Two iShares funds are set to undergo some major changes, while one of the newest gold ETFs is lowering its expense ratio.

iShares ETFs Due For Renovation
BlackRock’s iShares unit will be giving two well-established ETFs a makeover as of Dec. 24. The $1.7 billion iShares North American Tech ETF (IGM) and the $2 billion iShares North American Tech-Software ETF (IGV) will be changing their names and indexes.

IGM will adopt the S&P North American Expanded Technology Sector Index and change its name to the iShares Expanded Tech Sector ETF, and IGV will adopt the S&P North American Expanded Technology Software Index and change its name to the iShares Expanded Tech-Software Sector ETF.

The changes are intended to accommodate the addition of the communication services sector to the Global Industry Classification Standard at the end of last month. The rejiggering of the sector classifications rendered some components of IGM and IGV ineligible for inclusion in the two ETFs, and the new indexes will allow the funds to maintain exposure to their existing holdings and dampening turnover.

The funds’ tickers will remain the same.

GraniteShares Cuts BAR’s Price

GraniteShares is lowering the expense ratio of its $283 million GraniteShares Gold Trust (BAR) from 0.20% to 0.17%, just undercutting other competing physical gold ETFs.

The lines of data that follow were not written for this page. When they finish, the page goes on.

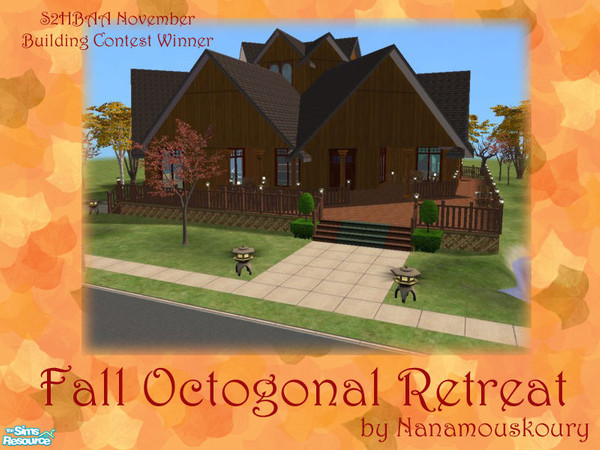 Sims 2 — Fall Octogonal Retreat by Nanamouskoury — For the fall lover, where the sims can enjoy both the colder weather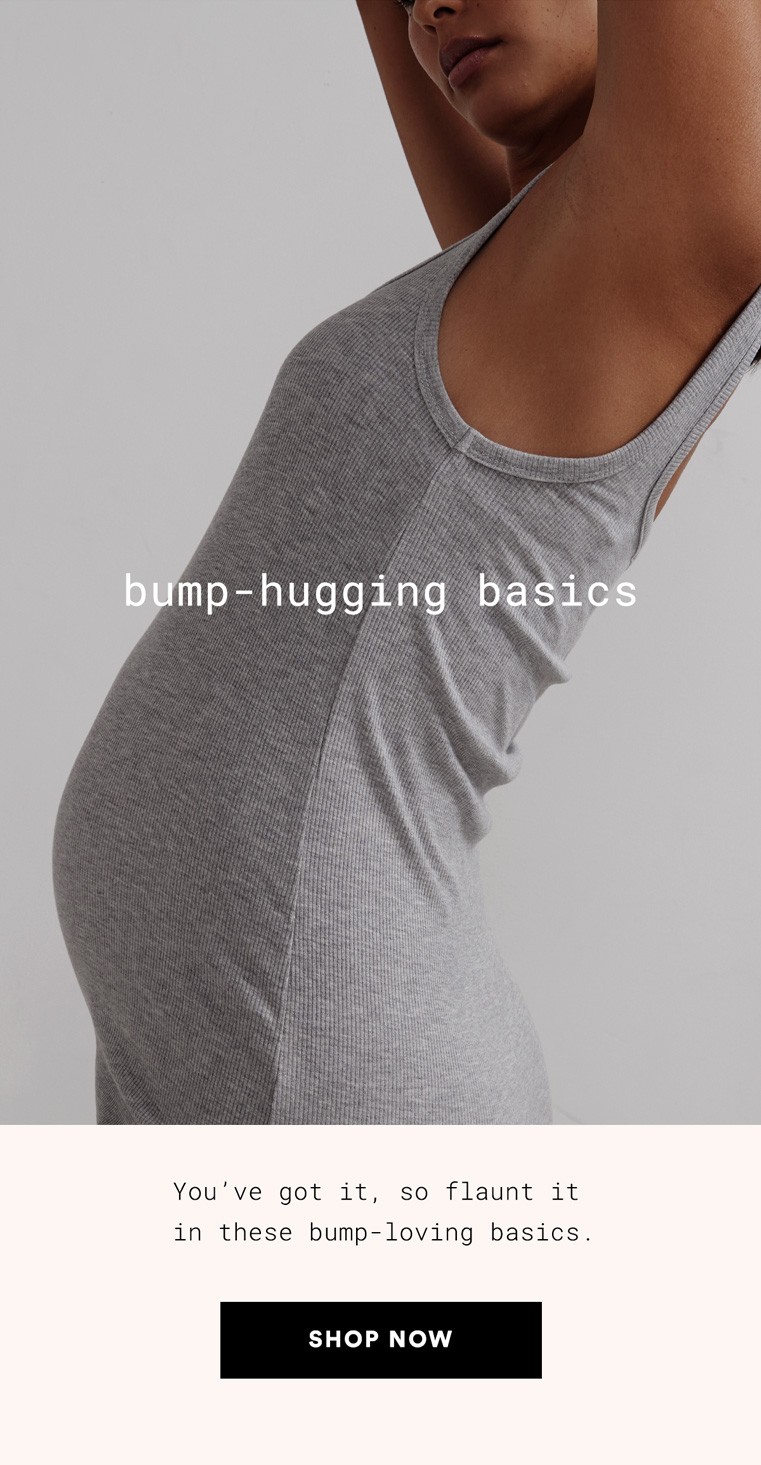 SHOP BUMP-HUGGING BASICS>>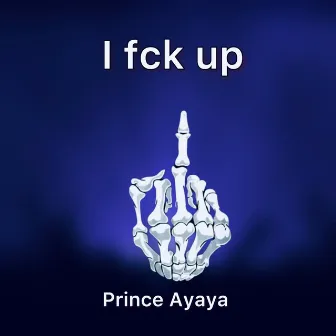 I Fck Up by Prince Ayaya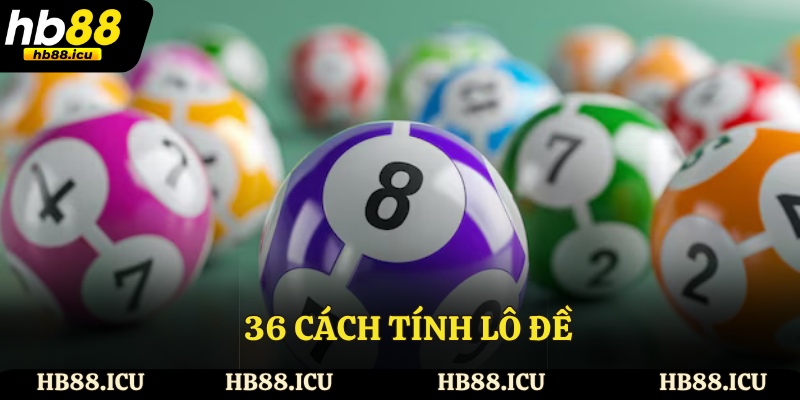 36 Cách Tính Lô Đề - Phương Pháp Dự Đoán Chính Xác Hoàn Toàn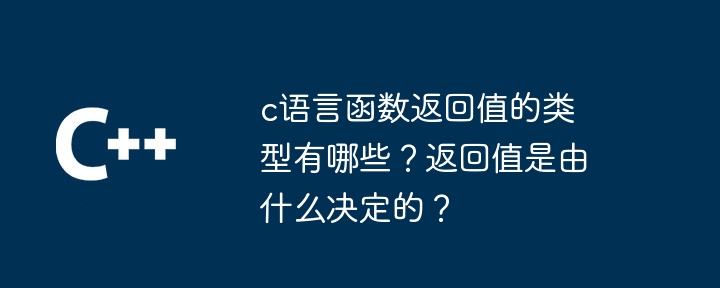 c语言函数返回值的类型有哪些？返回值是由什么决定的？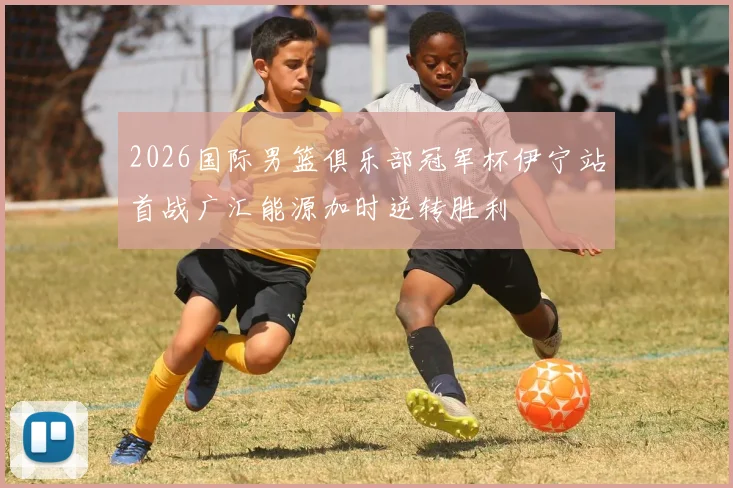 2026国际男篮俱乐部冠军杯伊宁站首战广汇能源加时逆转胜利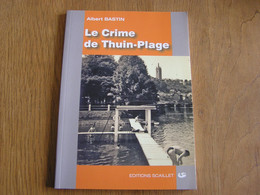 LE CRIME DE THUIN PLAGE Albert Bastin Auteur Ecrivain Belge Hainaut Roman Policier Thudinie - Autores Belgas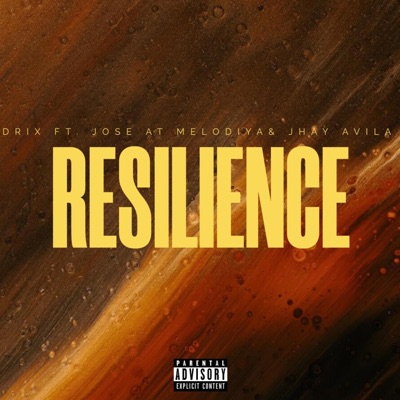 Resilience (feat. Jose At Melodiya & Jhay Avila) - Single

BAR had been the cheapest physical gold ETF when it launched in 2017, but the Perth MINT Physical Gold ETF (AAAU) and the SPDR Gold MiniShares Trust (GLDM) both rolled out this year with expense ratios of 0.18%. GraniteShares’ move puts it at the head of the pack again—by a nose.

The ETF price war that was previously mostly being fought in the plain-vanilla equity space has clearly moved to the commodity arena.